Retype word for word the stretch of entries below from the line that has "GERMANIA SET 1-5-10" through the line that has "COSYLAND Stuffed Animal", and omit the pictures.

#### RECORDS FOR THIS TASK

-- Opening Marker --

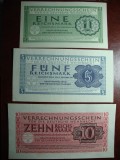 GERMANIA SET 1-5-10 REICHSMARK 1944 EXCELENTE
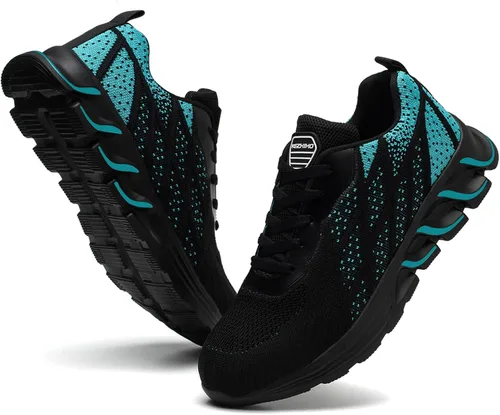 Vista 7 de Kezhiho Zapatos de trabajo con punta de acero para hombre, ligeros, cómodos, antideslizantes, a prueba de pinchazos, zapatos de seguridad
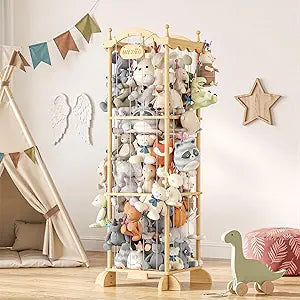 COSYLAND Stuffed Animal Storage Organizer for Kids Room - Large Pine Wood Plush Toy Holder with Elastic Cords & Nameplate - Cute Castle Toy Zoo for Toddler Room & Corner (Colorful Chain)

-- Closing Marker --
-- Opening Marker --

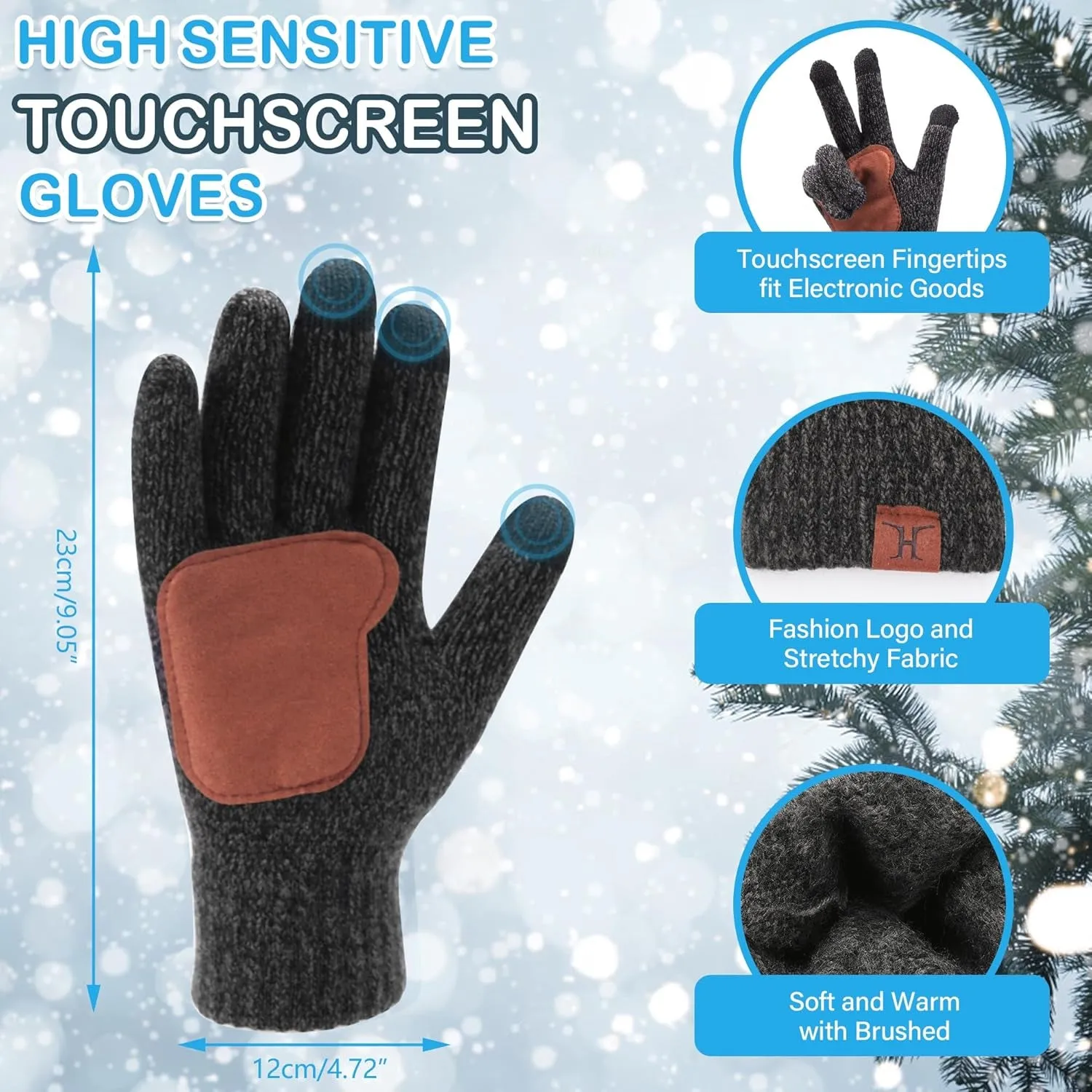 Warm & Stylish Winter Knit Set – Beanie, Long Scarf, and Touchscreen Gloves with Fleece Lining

-- Closing Marker --
-- Opening Marker --

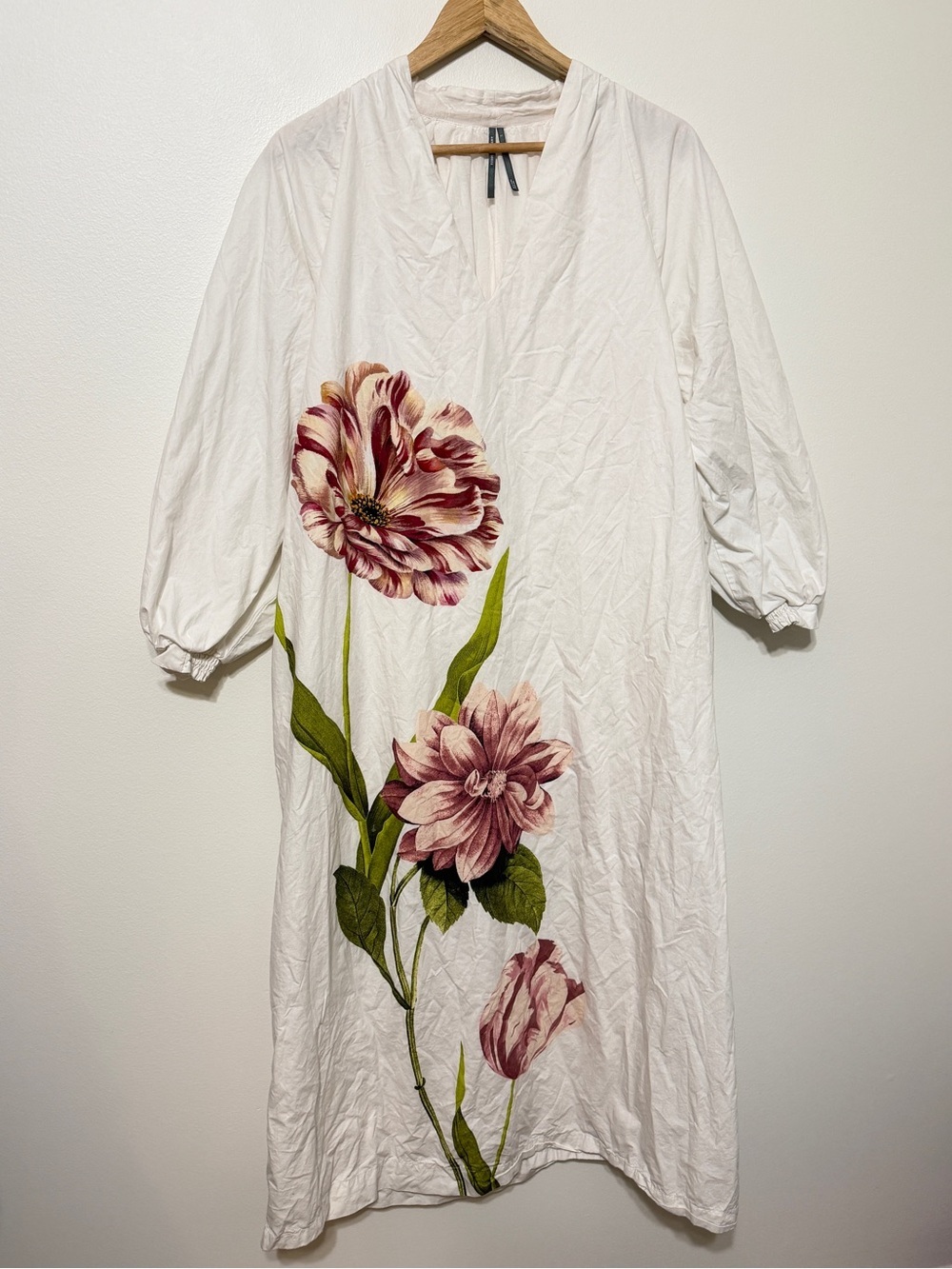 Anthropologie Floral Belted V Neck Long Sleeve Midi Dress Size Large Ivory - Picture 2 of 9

-- Closing Marker --

#### SOLUTION FOR THIS PROBLEM
 GERMANIA SET 1-5-10 REICHSMARK 1944 EXCELENTE
 Vista 7 de Kezhiho Zapatos de trabajo con punta de acero para hombre, ligeros, cómodos, antideslizantes, a prueba de pinchazos, zapatos de seguridad
 COSYLAND Stuffed Animal Storage Organizer for Kids Room - Large Pine Wood Plush Toy Holder with Elastic Cords & Nameplate - Cute Castle Toy Zoo for Toddler Room & Corner (Colorful Chain)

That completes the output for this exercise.